**Exercise requirements:** From the line containing "Kenneth Jay Lane" through the end of the material below, output each line exactly as written, with pictures excluded.

**Exercise materials:**

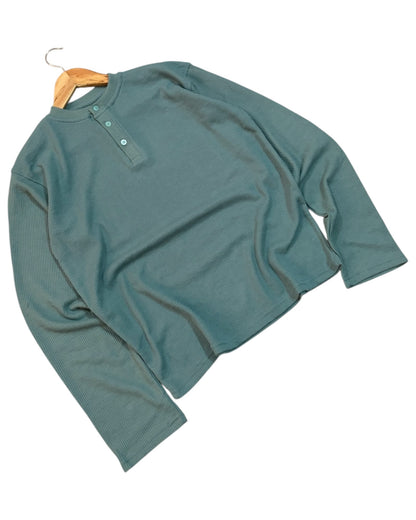 *Best Seller* Henley Boxy Waffle Tee - Green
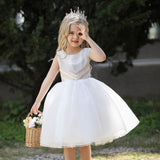 Mqtime  New Girl's Ceremonial Dress Pearl Tulle Children's White Sleeveless Dresses Princess Performance Costume 5 7Y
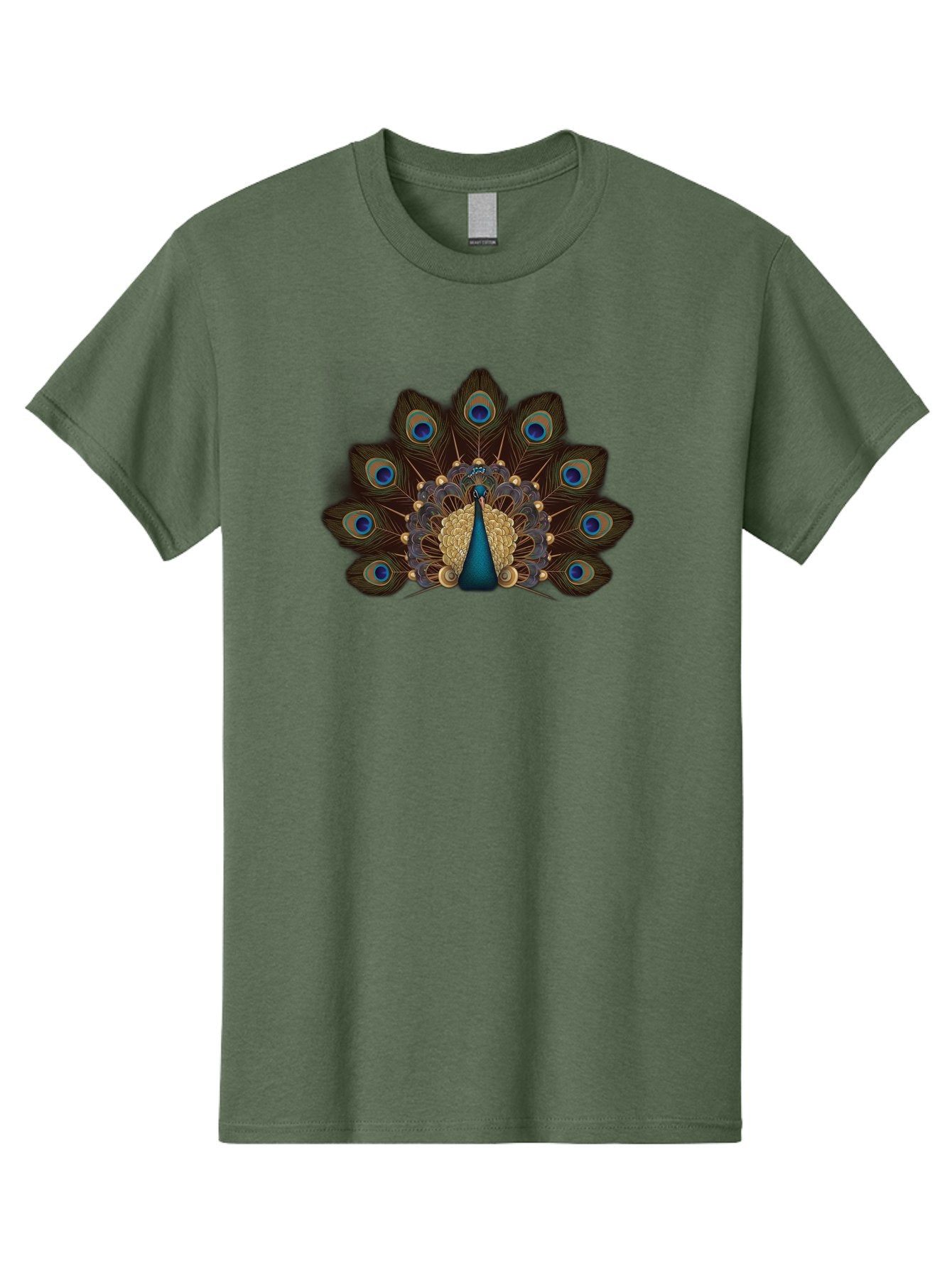 Peacock-Feather-Display Men'S Graphic Tee, 100% Cotton, Comfortable Casual Summer Wear, Machine Washable, Peacock, Bird, Feathers, Blue Eyes, Golden Plumage, Royal Bird, Majestic Creature, Intricate Details, Vibrant Colors, Exotic Beauty Bab118 4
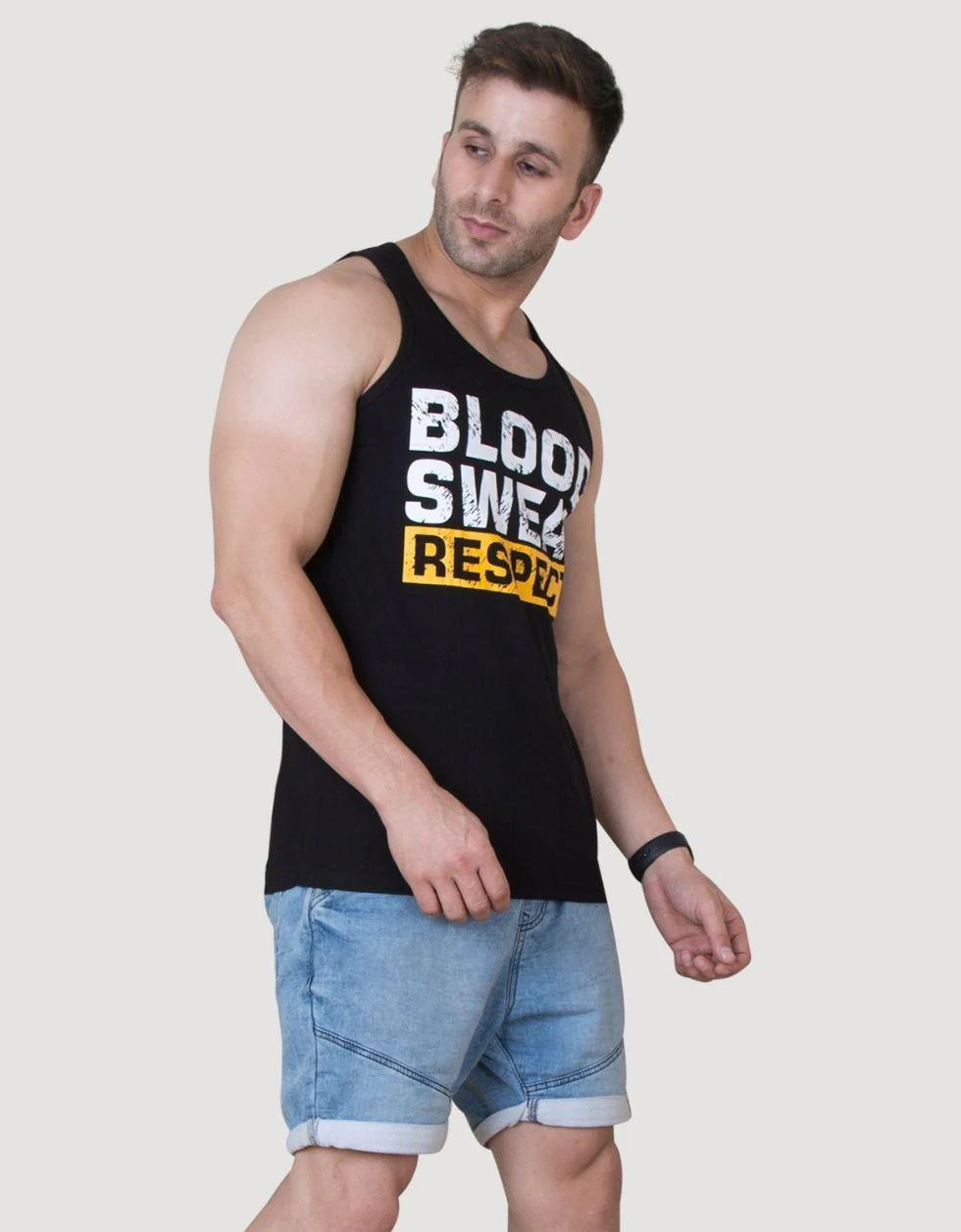 Training Men's Printed Cotton Gym Vest - Image 3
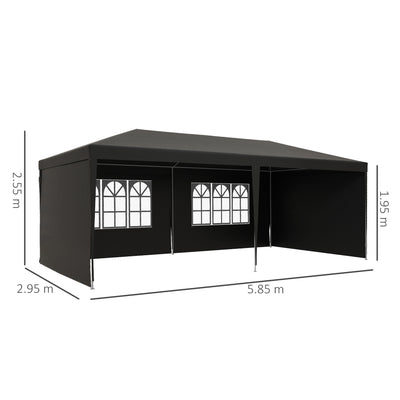 Outsunny 6 x 3 m Party Tent Gazebo Marquee Outdoor Patio Canopy Shelter with Windows and Side Panels Dark Grey 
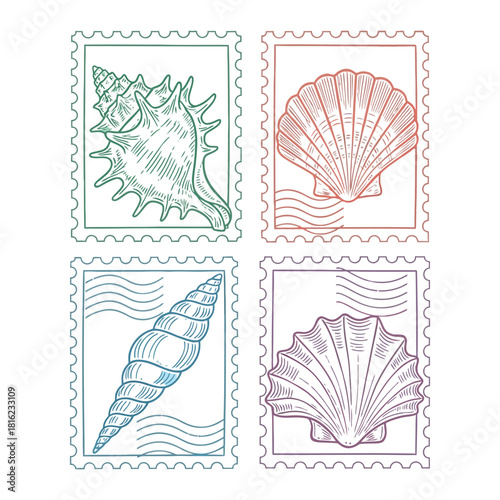 Collection of hand drawn marine mollusk shells on decorative postage stamps for ocean themed design elements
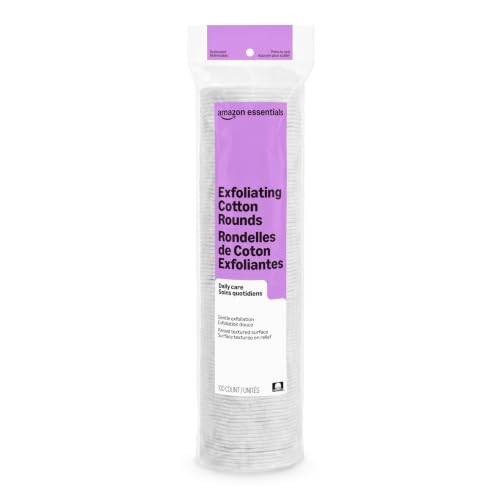 Amazon Essentials Exfoliating Cotton Rounds 100 Count (Pack of 1) (Previously Amazon Basics)
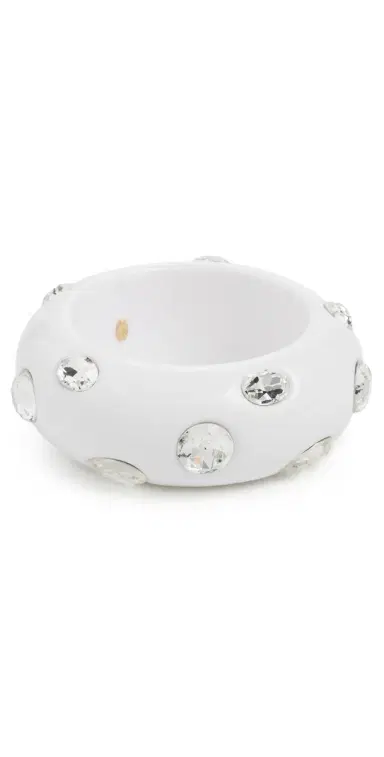 Kenneth Jay Lane Crystal Stones Domed Bangle White/Crystal One Size | Thumbnail 1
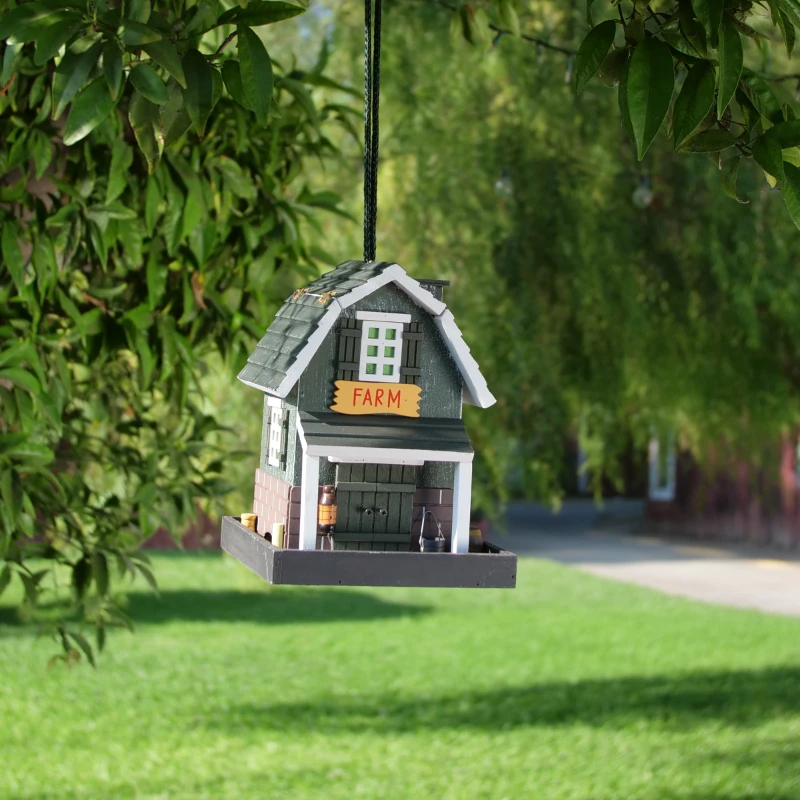

7" x 9" Hanging Wood Farm Store Bird Feeder, Multicolor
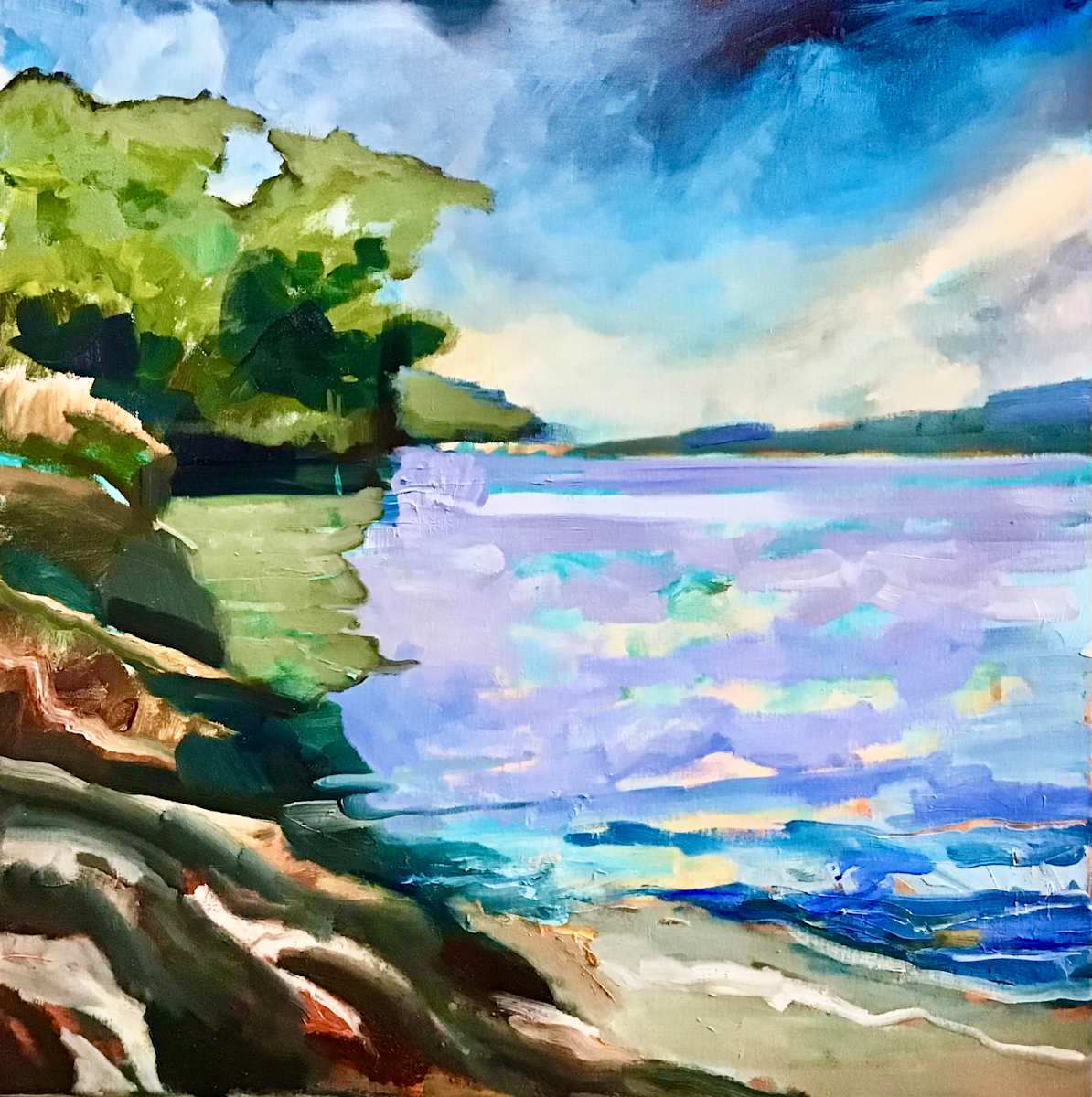 Time Away by Maureen Church  Image: A 24" x 24" studio piece based on memories of the Caribbean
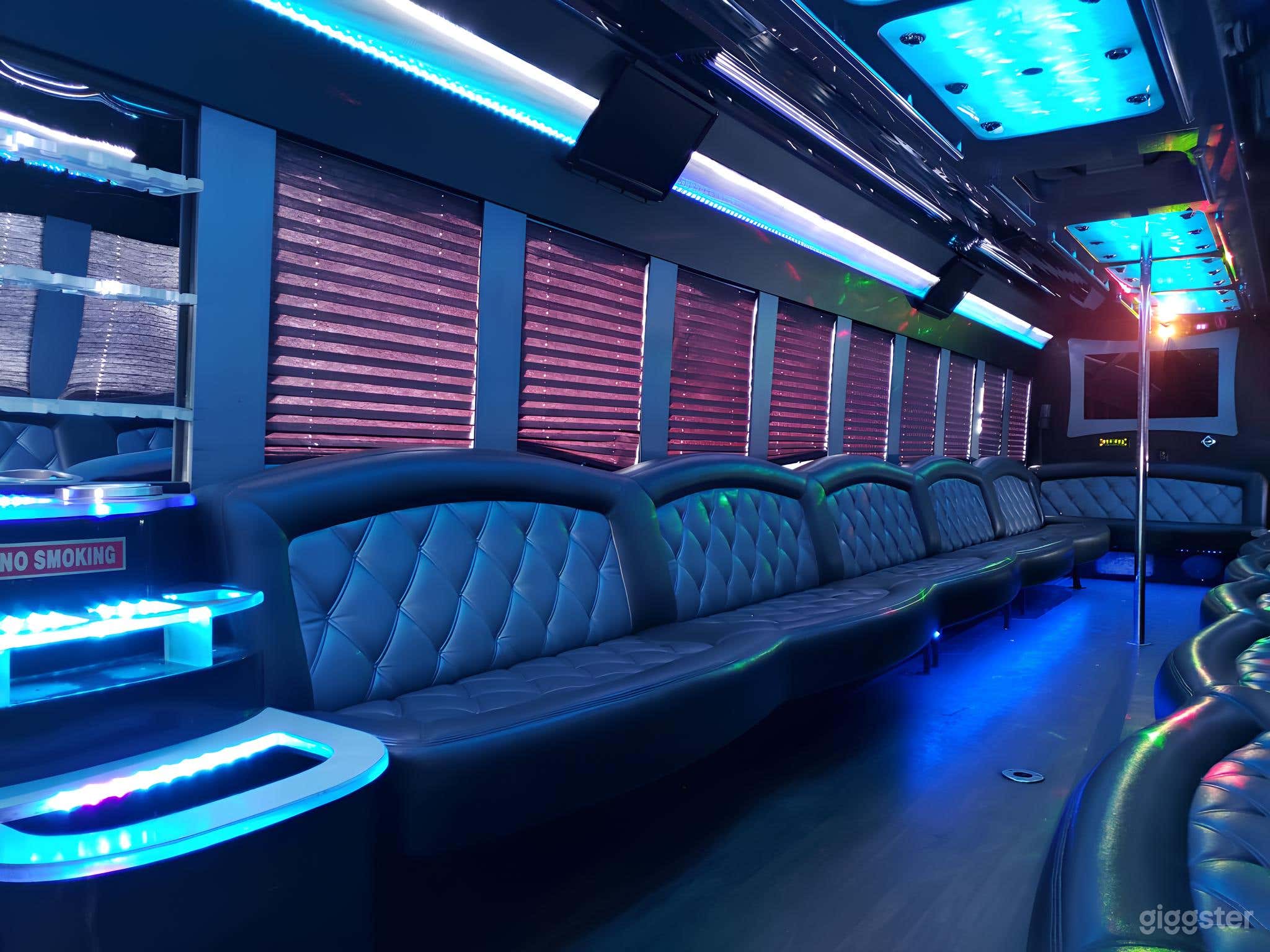 Big enough to throw a party inside the bus. Check out the bar area to stage drinks.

**Written solution:**
 Kenneth Jay Lane Crystal Stones Domed Bangle White/Crystal One Size | Thumbnail 1

7" x 9" Hanging Wood Farm Store Bird Feeder, Multicolor
 Time Away by Maureen Church  Image: A 24" x 24" studio piece based on memories of the Caribbean
 Big enough to throw a party inside the bus. Check out the bar area to stage drinks.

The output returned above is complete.